Seminar

Targeted Learning with High Dimensional Data - Mark van der Laan

Date
Mon October 28th 2013, 12:45pm
Event Sponsor
the Institute for Research in the Social Sciences (IRiSS) and the Graduate School of Business (GSB)
Location
Room P102 in the Patterson Building (part of the Knight Management Center) at Stanford's Graduate School of Business
Targeted Learning with High Dimensional Data - Mark van der Laan

Mark van der Laan, Professor of Biostatistics and Statistics at UC Berkeley and Founder, Target Analytics, Inc.

Slides available here.

Abstract

Learning from data involves defining 1) the experiment that generated the data, 2) the (often low dimensional) target parameter of the data generating distribution that we want to learn, the so called estimand, 3) the collection of possible data generating distributions, the so called statistical model, and 4) it’s possible parameterization in terms of underlying distributions, often involving non-testable assumptions, giving the so called model.

The statistical model represents our statistical knowledge and should be defined so that it contains the true data generating distribution. The statistical estimation problem is now defined by the target parameter and statistical model. Realistic estimation problems thus involve learning a target parameter in very large semiparametric model for often very high dimensional data structures. Classical methods such as maximum likelihood based estimation, though optimal for small semiparametric models, break down for such large semiparametric models, due to wrong (non-targeted) bias-variance trade-off.

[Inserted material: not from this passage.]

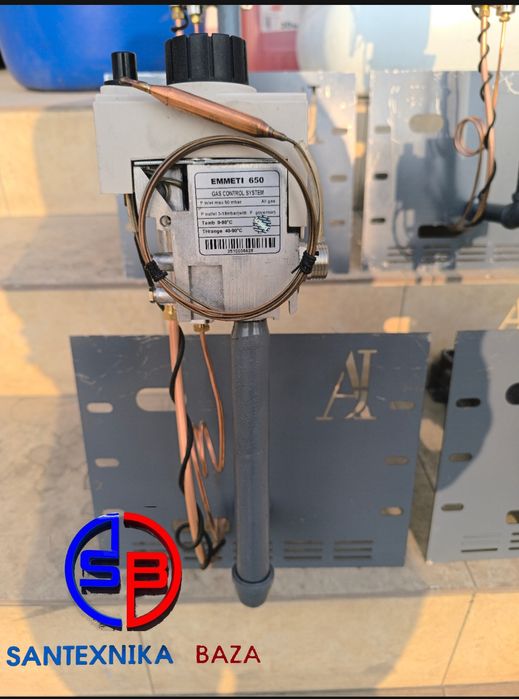 Avtomat apok апок апок автоматически гарелка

In response to this, we developed targeted maximum likelihood estimation, and its natural generalization, targeted minimum loss based estimation (TMLE), as a template for construction of semiparametric efficient estimators of pathwise differentiable target parameters. It involves defining an initial estimator of the relevant part of the data generating distribution, allowing the integration of the state of the art in ensemble learning fully utilizing the power of cross-validation, and targeted bias reduction step defined by a least favorable parametric submodel through the initial estimator, and a loss function to estimate the amount of fluctuation. The estimator of the target parameter is now the plug-in estimator corresponding with this updated initial estimator. Under appropriate conditions, TMLE results in semiparametric efficient (often robust w.r.t various misspecifications) substitution estimators. We assigned the name Targeted Learning to the field concerned with data adaptive estimation of target parameters while still providing statistical inference.

In our talk we will review this template, and demonstrate some recent work involving applications of TMLE to nonparametrically estimate optimal individualized treatment rules, while providing statistical inference or its gain relative to a standard treatment, and to estimate causal effects of stochastic interventions on a network of individuals.